Architecture, Collection and the Programme Ahead

When Tate Modern opened its doors on 11 May 2000, it did so inside a building that had been derelict for nearly two decades. Sir Giles Gilbert Scott’s Bankside Power Station — constructed in two phases between 1947 and 1963, directly across the Thames from St Paul’s Cathedral — had ceased generating electricity in 1981. Its conversion into a public gallery for international modern and contemporary art was, by any reasonable institutional measure, a considerable risk. Twenty-five years on, with over 4.6 million visitors recorded in 2024 alone, it stands as the most attended art gallery in the United Kingdom and one of the most significant sites of modern and contemporary art anywhere in the world.

The decision to commission the Swiss architectural firm Herzog & de Meuron, announced in January 1995 following an international competition that attracted 148 entries, proved formative. The architects declined to impose a wholesale reimagining on the structure, choosing instead to retain the cavernous turbine hall, the monumental brick façade, and the building’s industrial proportions. The most visible external alteration was a two-storey glass addition to half of the roof. Within, gallery spaces were designed to range in height between five and twelve metres, served by a combination of natural and carefully filtered artificial light. That measured restraint — preserving industrial scale while creating conditions appropriate to art — gave Tate Modern a spatial character no purpose-built institution could have replicated.
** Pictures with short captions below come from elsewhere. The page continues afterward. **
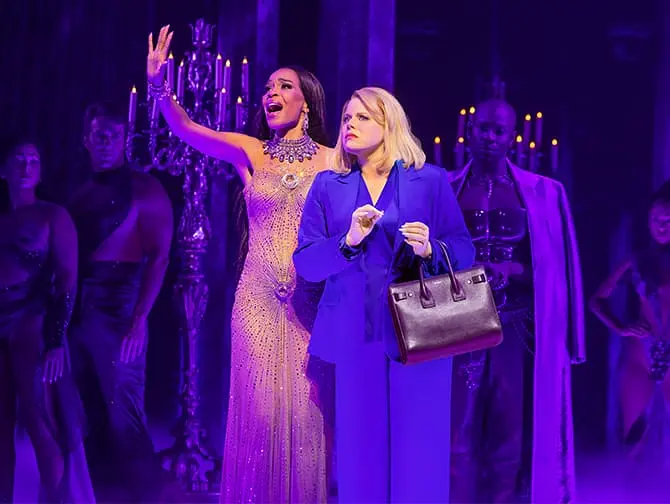 Death Becomes Her Broadway billetter - Viola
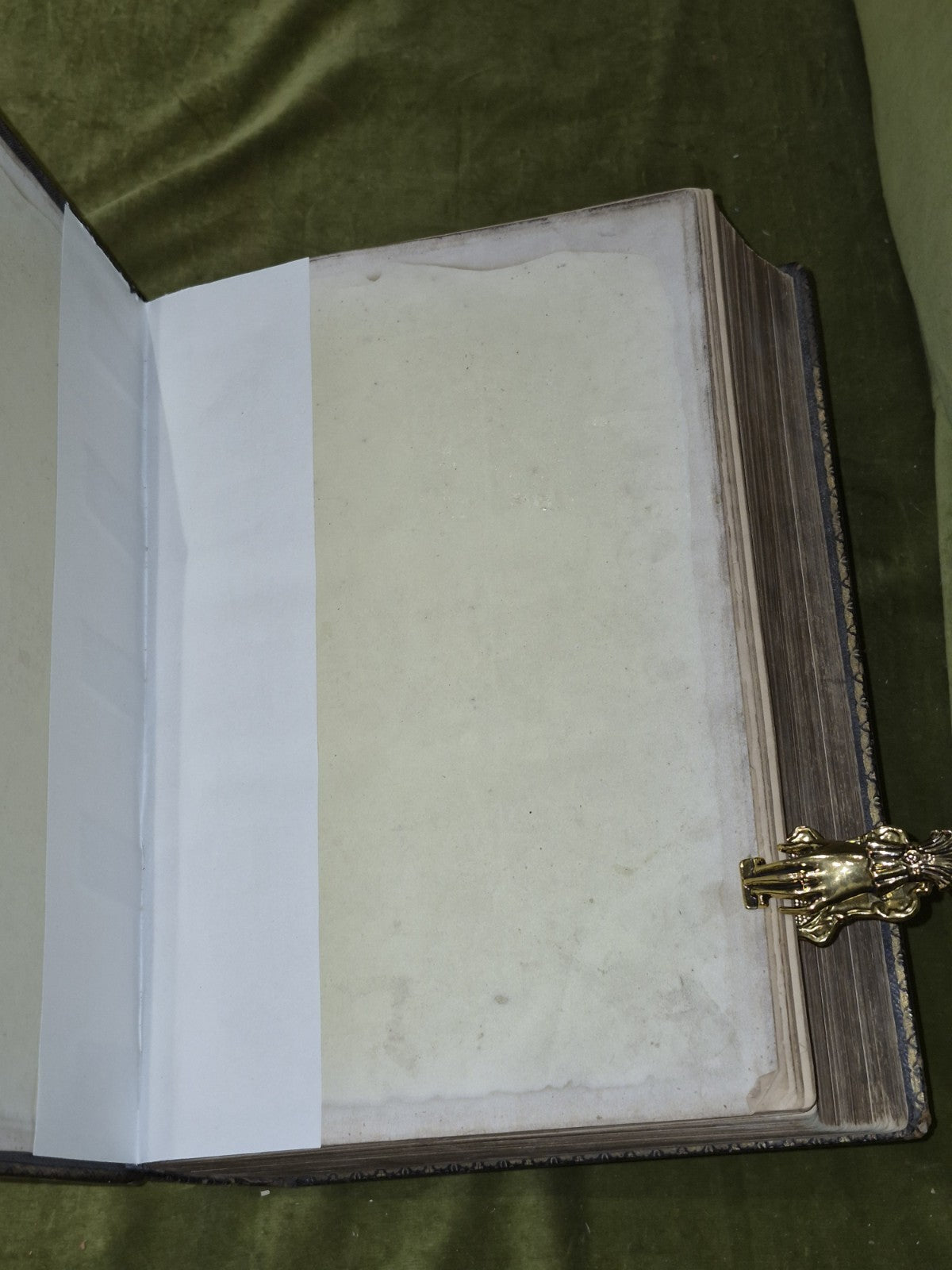 The Illustrated Family Bible John Brown 18409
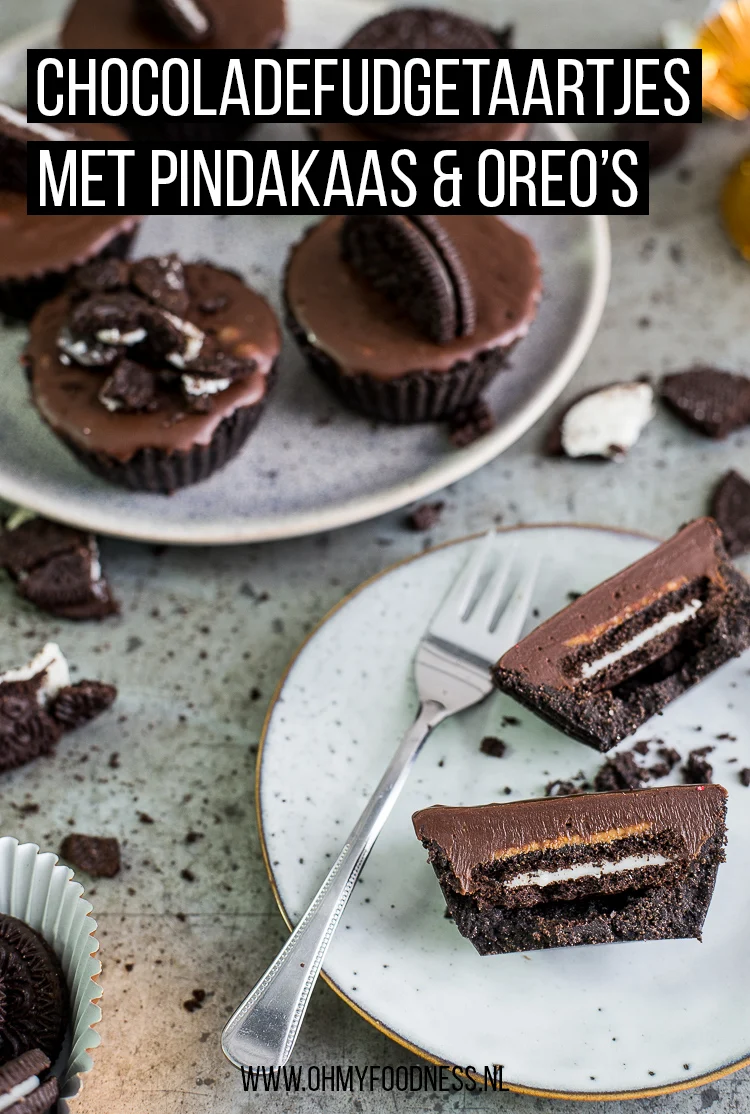Fastfood Friday: Chocoladefudgetaartjes met pindakaas & Oreo's 3 Chocoladefudgetaartjes met pindakaas & Oreo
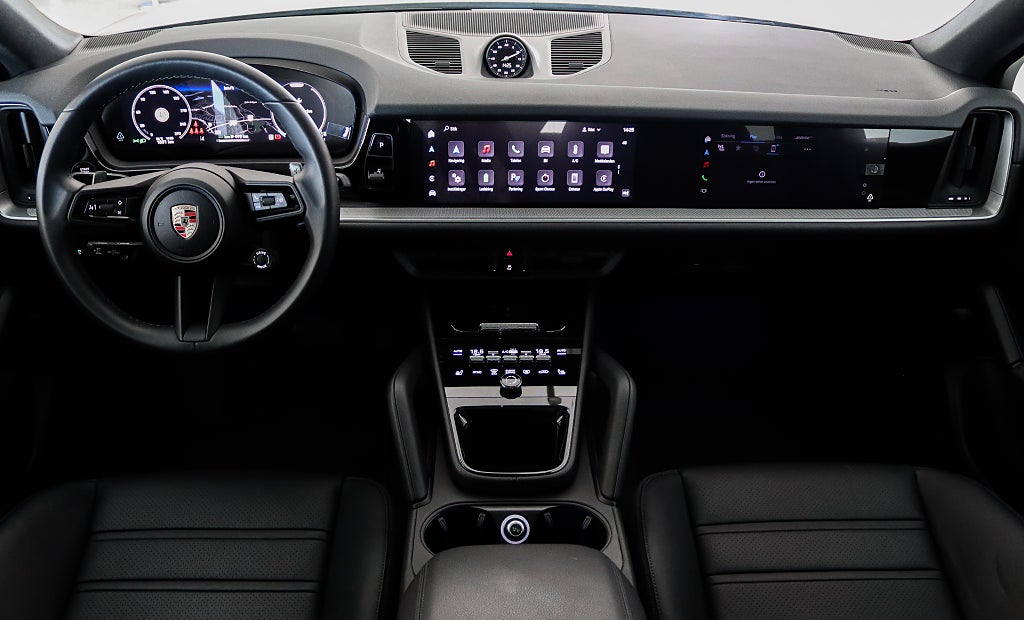 Porsche Cayenne Coupé E-Hybrid SportDesign BOSE Passagerardisplay MOMS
The Turbine Hall and the Logic of Commission

The turbine hall — 155 metres long, 35 metres high, and retained in something close to its original condition — became Tate Modern’s most distinctive curatorial space from the outset. Louise Bourgeois inaugurated the annual Turbine Hall commission with ‘I Do, I Undo, I Redo’ in 2000, establishing a model of site-responsive work that the institution has continued to nurture. The commission series has since provided an unusually demanding creative context: one in which scale, the movement of the public, and the particularities of the space itself are integral to whatever any artist proposes. Works by Olafur Eliasson, Doris Salcedo, Carsten Höller, and many others have tested that context with varying degrees of formal ambition, and the programme remains one of the more serious sustained relationships between an institution and large-scale, spatially conceived art anywhere in operation today.

The Blavatnik Building, the extension designed once again by Herzog & de Meuron and opened in June 2016, added a further dimension to this spatial logic. Built above the former circular oil tanks, which had been converted into performance and film spaces when they first opened to the public in 2012, the building increased the gallery’s display capacity by sixty per cent. The Tanks — as they are known — remain the most architecturally unusual spaces in the institution: circular, concrete-walled, and acoustically particular in ways that have shaped how the gallery programmes performance, moving image, and installation work within them.

A Collection Redrawn

Tate Modern holds the United Kingdom’s national collection of international modern and contemporary art from 1900 onwards, and the institutional framing of that collection has shifted considerably since the gallery opened. The early decision to organise the free collection displays thematically and trans-historically — rather than by medium, period, or national origin — was understood at the time as a curatorial innovation. What has followed is a sustained effort to expand the collection’s geographic reach and to resist the assumption that the history of modern art is primarily a European and North American story. Acquisitions committees established in the 2010s for South Asian art, as well as for work from Russia, Eastern Europe, and the Commonwealth of Independent States, reflect a deliberate institutional repositioning that continues to shape what is shown in the free displays and what the temporary exhibition programme addresses.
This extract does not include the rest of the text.